El agente Brent Wilson había sido relevado de su puesto al mando de un control en la comarcal B6259 y se había hecho con una taza de té caliente del furgón de atestados. Mientras disfrutaba de su descanso sentado al frío de la noche en una silla plegable, oyó que lo llamaban.

El ayudante del jefe de policía estaba en la entrada del furgón y le indicaba con gestos que se acercara. Sosteniendo aún su taza, Wilson se dirigió a la parte posterior del vehículo y agachó la cabeza para evitar abrirse el cráneo con el marco de la puerta. El jefe de la policía de Cumbria, John Raab, había llegado de Penrith y estaba sentado a un escritorio.

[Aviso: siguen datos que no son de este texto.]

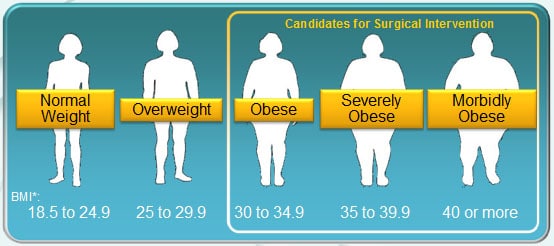 Weight loss surgery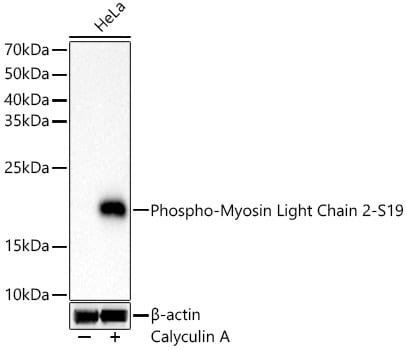 MYL9 [p Ser19] Antibody (6D8B7)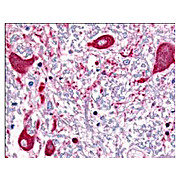 Anti-ROBO-1 (RABBIT) Antibody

—Agente Wilson —dijo—, siéntese y siga con su té. Sopla fuerte ahí fuera.

—Sí, señor —contestó Wilson—. Es brutal.

—Tengo entendido que conoció usted a Annie Locke y a Will Piper cuando llegaron a Kirkby Stephen.

—Así es, sí.

—Hábleme de ellos. Cuénteme todo lo que recuerde. Quiero hacerme una idea de cómo reaccionarían si se vieran amenazados. He preguntado por la chica a los del MI5 y han reaccionado como si fueran a divulgar algún secreto nacional.

—Los dos fueron muy agradables, muy simpáticos, diría yo. Los conocí en la comisaría y les ayudé a imprimir unas copias de la foto del chico para que pudieran repartirlas por todo el pueblo.

—¿Y Piper? ¿Qué impresión le produjo?

—Bueno, es un tipo grande. Ya no es ningún jovenzuelo, pero creo que se las puede apañar bien. Sobre todo me pareció un hombre preocupadísimo por su hijo.

—¿Y la señorita Locke?

—Ambiciosa, supongo. Joven y en forma. Resuelta, sí; la típica que uno podría esperar que triunfase en los Servicios Secretos.

—Guapa, además.

—En eso estoy de acuerdo.

—Por lo visto, Piper tiene reputación de mujeriego. ¿Algún indicio de que hubiera una relación personal entre ellos?

—¿Cómo dice, señor?

—Eso podría afectar a su criterio y su capacidad de decisión en condiciones peligrosas.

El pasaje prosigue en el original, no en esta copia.